Quién lo iba a decir. A principios de los setenta, la moda española no se pavoneaba sobre el orgullo de la Gran Vía ni del Paseo de Gracia; la presencia de los famosos había desplazado los focos a la provincia, cada vez más acostumbrada a mezclar sus aires esenciales con los satenes y potingues de la gente cool. El Pez Espada convertido en una sucursal de Milán, con lo que eso significaba para un país amortajado y triste, destejido a la medida del pantalón militar.

Rumbo a Torremolinos. Los camiones de la marca Ricci enfilaban hacia el hotel. Mientras el mar abofeteaba las barcas de los pescadores, se escuchaba el látigo de la tela a la carrera. Sofía Loren observaba distraída desde una de las ventanas de su habitación. Desde ahí, seguramente, vio acercarse la tartana de los grandes apellidos, una procesión incesante de ricachones venidos desde todas partes de España, al estilo dominguero, pero con joyas en lugar de cantimploras y filetes empanados; hacendados, hombres de negocios, faranduleros, aristócratas, privilegiados del régimen, todos camino de Torremolinos, olfateando el fantasma del refinamiento y de la modernidad.

De la pasarela a la noche. Afrancesarse siempre tuvo un precio, y mucho más cuando se trata de alta costura. En aquellas noches, el cubierto del hotel Pez Espada costaba tanto como dejarse la piel en el andamio durante un mes; 1.250 de las soberanas pesetas, invertidas con gracia por las señoras a cambio de sentirse cerca de la aureola de París. Las crónicas hablaban de mangas murciélago, boinas, cachemir, pero también de la extrañeza del escenario. Aquel Torremolinos podía ser muy chic, aunque no tanto como para atildarse las veinticuatro horas con el sibaritismo de la Costa Azul. Sobre todo, después del desfile, que era precisamente lo que suscitaba mayor curiosidad. La prensa quería saber si la provincia seguía siendo igual de pimpolla detrás de las bambalinas, si había menos espetos que estuches de fin de semana, más rudeza que carmín.

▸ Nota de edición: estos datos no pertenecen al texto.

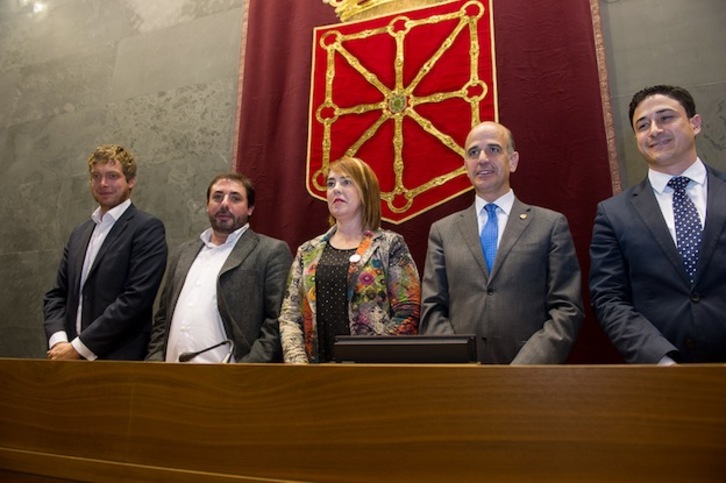 Las cinco personas que integran la nueva Mesa del Parlamento de Nafarroa. (Iñigo URIZ / ARGAZKI PRESS)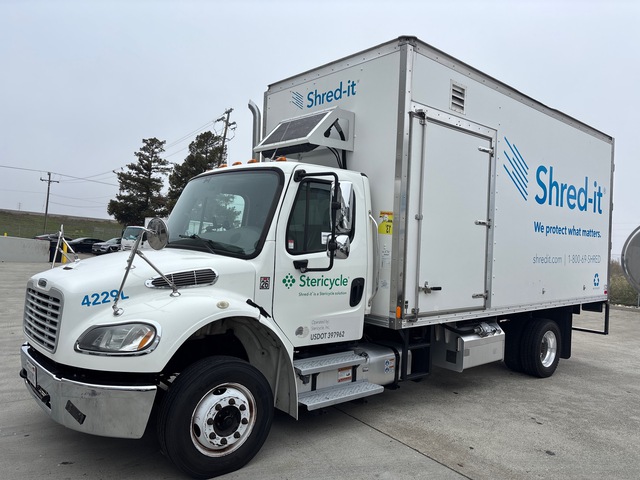 2018 Freightliner M2 106 4x2 Mobile Shredding Truck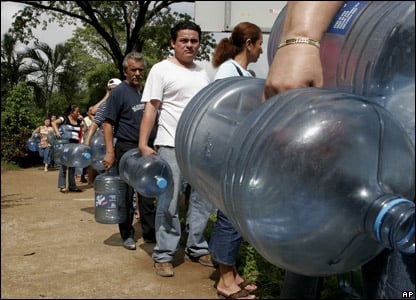 Gente haciendo cola para abastecerse de agua potable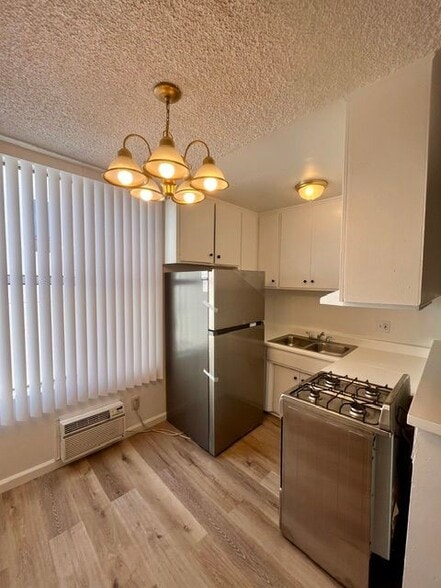 Building Photo - 1260 Beachwood Dr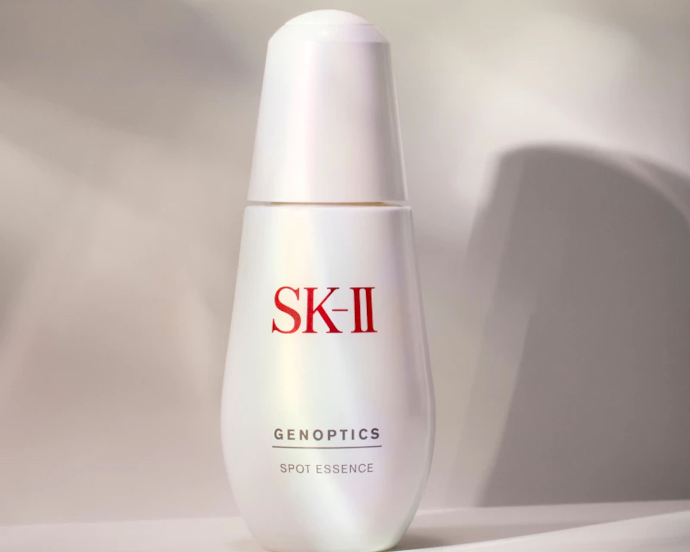 Untuk menyamarkan flek hitam atau bekas jerawat, pilih SK-II GenOptics Spot Essence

Los franceses, sin embargo, estaban encantados con la duda. En la pasarela, saludaba Gerard Pipàrt, también Jacques Le Brigand, el famoso sombrerero, pero el resto del equipo se mezclaba al final del espectáculo con el señorío del público y disparataba por los tablaos y los bares yeyé. Un ejército con rasgos de porcelana a punto de venirse abajo frente a la luz del amanecer, derrotado por la noche de la Costa del Sol, justo en el momento en el que Sofía Loren se escabullía por el vestíbulo del hotel.